Pese a las manchas y estigmas con que la quiera señalar el ser humano, la democracia es hasta el momento la mejor forma de gobierno conocida y con la cual puede evitarse la perpetuación de personas en el poder, lograr la rendición de cuentas de los funcionarios, promover la participación activa de diversos grupos sociales, alcanzar verdaderos representantes de la voz del pueblo en el Congreso, exigir la instalación real de un estado de derecho y una vida más justa basada en el bienestar colectivo.
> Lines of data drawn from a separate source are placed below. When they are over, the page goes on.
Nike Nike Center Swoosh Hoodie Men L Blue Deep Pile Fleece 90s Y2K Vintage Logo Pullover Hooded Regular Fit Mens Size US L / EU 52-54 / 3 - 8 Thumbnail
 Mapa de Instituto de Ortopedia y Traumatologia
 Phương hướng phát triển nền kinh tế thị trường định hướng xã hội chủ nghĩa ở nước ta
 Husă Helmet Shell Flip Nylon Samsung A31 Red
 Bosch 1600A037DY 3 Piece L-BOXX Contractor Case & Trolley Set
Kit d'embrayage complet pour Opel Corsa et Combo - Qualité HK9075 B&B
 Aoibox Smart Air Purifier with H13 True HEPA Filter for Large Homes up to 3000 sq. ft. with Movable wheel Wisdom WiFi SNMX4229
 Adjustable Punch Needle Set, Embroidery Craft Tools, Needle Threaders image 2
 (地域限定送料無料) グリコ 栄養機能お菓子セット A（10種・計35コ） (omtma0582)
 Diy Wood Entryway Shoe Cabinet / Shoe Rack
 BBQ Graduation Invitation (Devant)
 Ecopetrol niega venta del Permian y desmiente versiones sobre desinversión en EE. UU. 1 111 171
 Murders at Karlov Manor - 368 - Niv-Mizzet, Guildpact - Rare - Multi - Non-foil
México hoy mismo duda de la democracia, sumergido en un marasmo de confusión e ideologías. Ha practicado la democracia dirigida que alguien famoso llamó “la democracia perfecta”, no por su esencia democrática sino por los controles del poder. Esta democracia no permitía la participación ciudadana en la toma de decisiones ni en la conformación de la agenda pública. Promovió demagógicamente la libertad confundida con un dejar hacer, pregonó los derechos civiles pero los violentó, y contó constitucionalmente con un sistema de equilibrio entre los tres poderes que en la práctica se supeditaban al Ejecutivo. La simulación era la red que alimentaba al sistema, entretejía los hechos y daba sustento a las acciones del gobierno.
El corporativismo era su plataforma para asegurar el voto. Pero… ninguna democracia puede ser perfecta porque está a cargo del quehacer humano que incumbe al área de las humanidades y la ciencia política, donde el mexicano desarrolla su filosofía del intercambio y su convivencia con los demás, mismas que suelen ser “tan imperfectas conforme menos desarrollado esté el pueblo y la cultura que ha creado”.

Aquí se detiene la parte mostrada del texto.